Note, however, when audio is made into MQA, what is supplied is usually the 48k, 96k, 192k or even DXD master rather than the original very high bitrate recording. That will likely have used a sinc filter that will introduce what MQA call time smear. When converted to MQA, that time smear will remain, so their claimed advantage of reducing time smear to really low levels does not hold. It would have to upsample it to some high frequency and rely on om Shannons Sampling Theorem then apply the MQA process. That is where the controversy starts. People like Rob Watts claim, unless you use his 1 million tap filter to get an exact reconstruction to 16 bits, then audible inaccuracies are introduced. Most engineers would claim with modern filters, such inaccuracies are inaudible. Only a blind listening test can tell. But measurements show Rob certainly has produced a perfect sync filter to at least 16 bits accuracy. However, he has never published the math showing you need a million taps that require a lot of processing power.
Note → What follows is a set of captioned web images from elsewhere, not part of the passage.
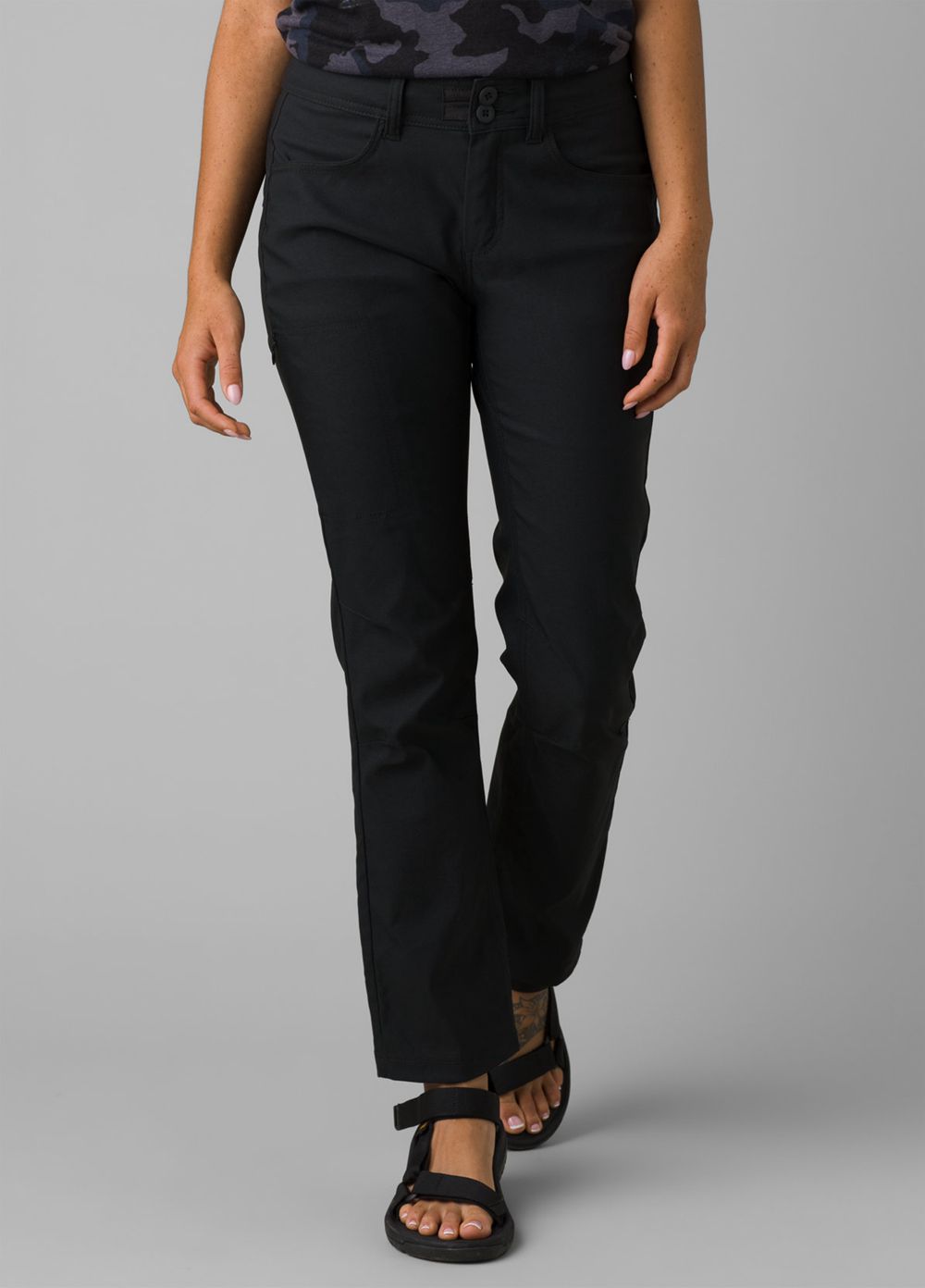 Black Women\'s PrAna Halle Straight II Pants | 80649-AFDB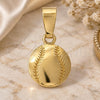 Oro Laminado Fancy Pendant, Gold Filled Style Ball Design, Polished, Golden Finish, 5.183.024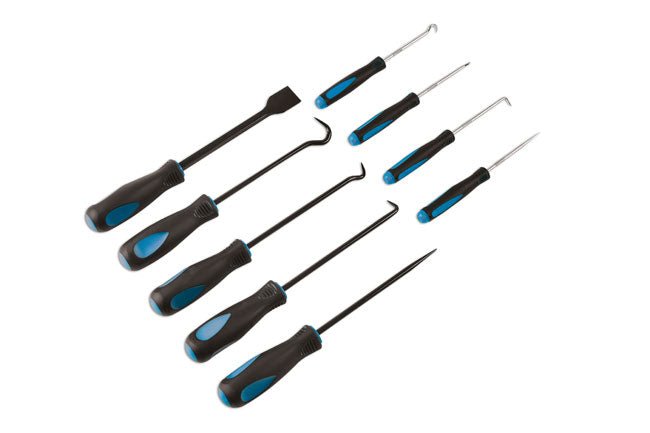 Laser Tools 6382 Pick Hook and Scraper Set 9pc Laser Tools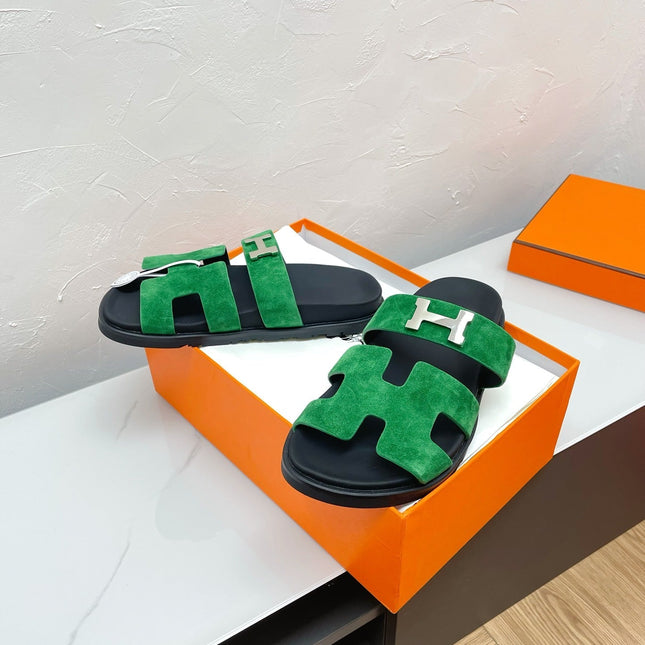 CHYPRE SANDAL OCEAN SUEDE WITH H BUCKLE
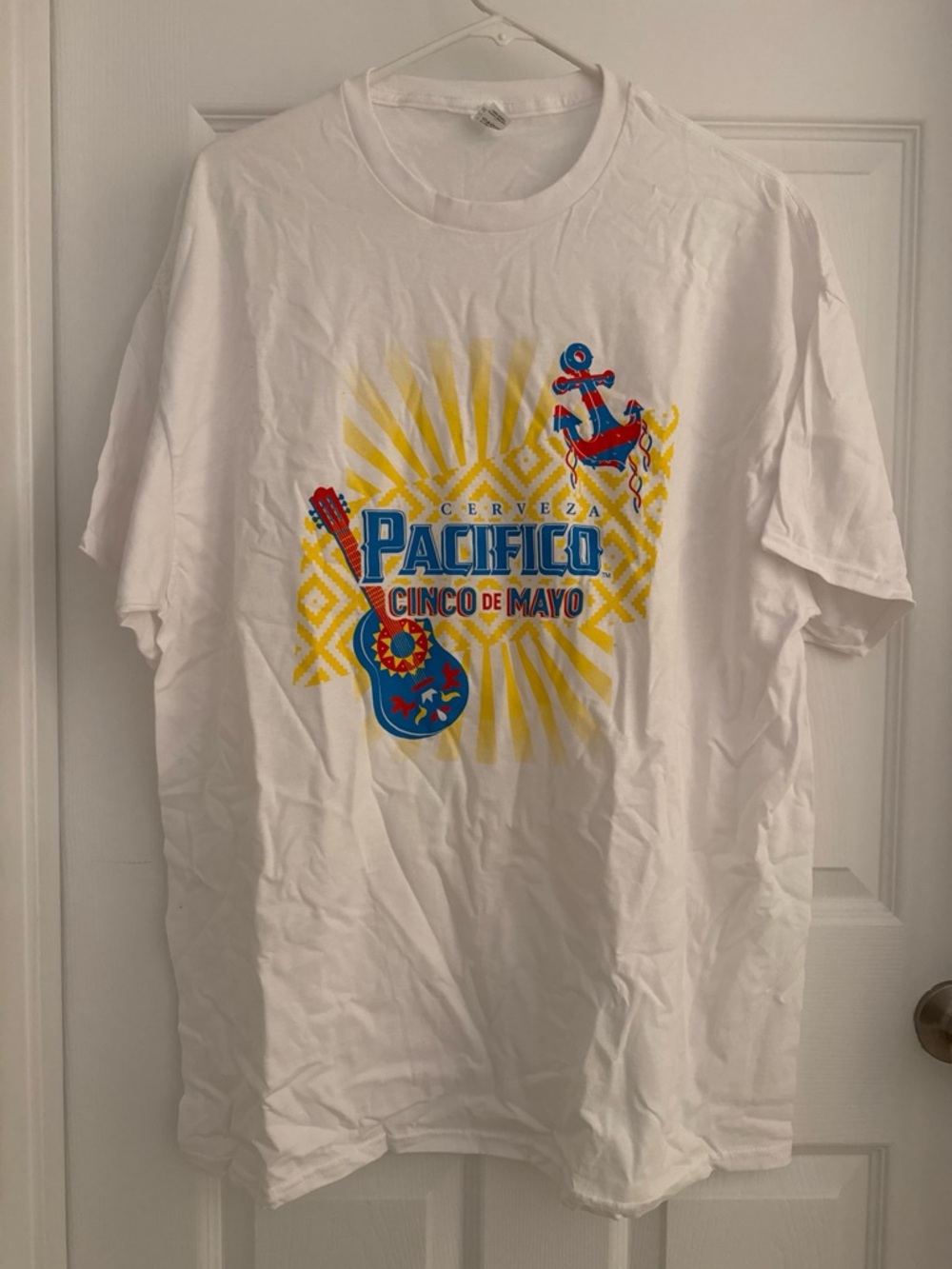 Fruit of the Loom White Pacifico Cinco de Mayo t-shirt. NEW W/O tags.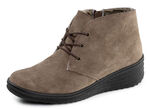 ELENA EDEN, gefütterte Damen-Boots, Winterschuhe, mit Lammfell TAUPE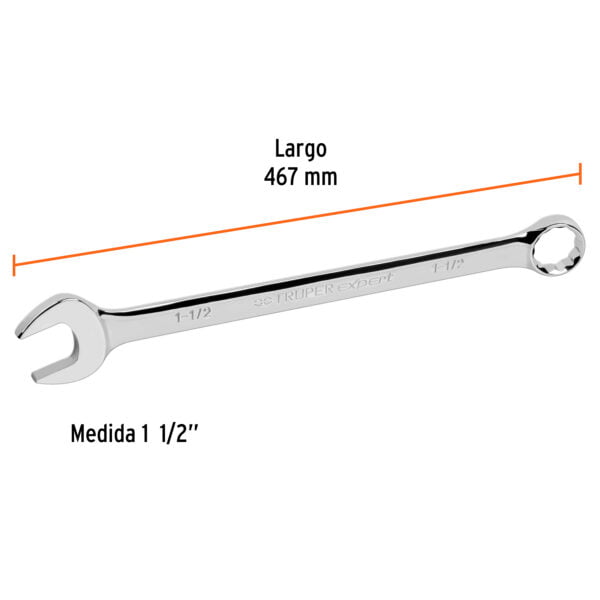 Llave Comb. Extralarga 1-1/2 X 467Mm Expert Truper 15609 - Image 3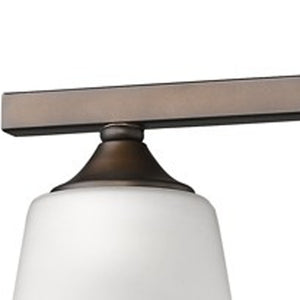 Homeroots Three Light Bronze Metal Vanity Wall Light   398710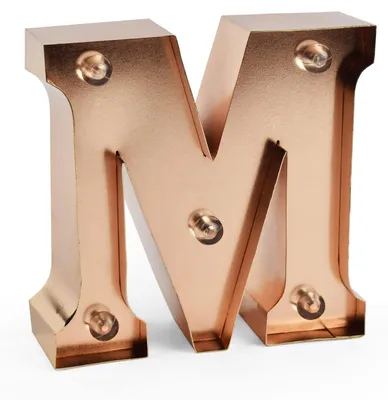 Mini Buchstabenlicht M, LED, 14x15x3,3 cm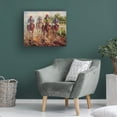 thumbnail image 4 of Trademark Fine Art Kentucky Derby by Rio, Wood Slats 18x22, Multi-color, 4 of 8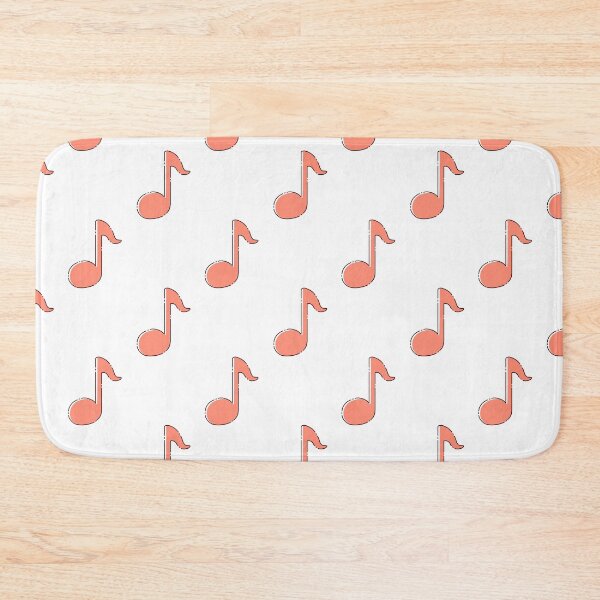 Item preview, Cute and Aesthetic Cartoon Eighth Note Seamless Pattern designed and sold by Rei-illustrates.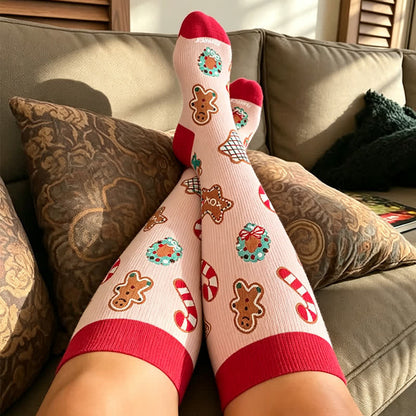 Plus Size Snowman Gingerbread Man Compression Socks - image 3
Just a personal opinion, I think MQA has gone in the wrong direction in trying to be compatible with existing standards. One can apply the slow roll-off filter and use a new compression method invented by Microsoft:
https://www.microsoft.com/en-us/research/wp-content/uploads/2016/02/Malvar_DCC07.pdf
You chop off everything below 18 bits in the frequency domain and transmit at the lowest rate where all frequencies above it are zero after chopping off to 18 bits. Any loss of resolution in the frequency domain is much harder to detect than in the time domain. It will likely produce better quality and smaller files and capture the information in the small number of recordings that do not fit into the triangle.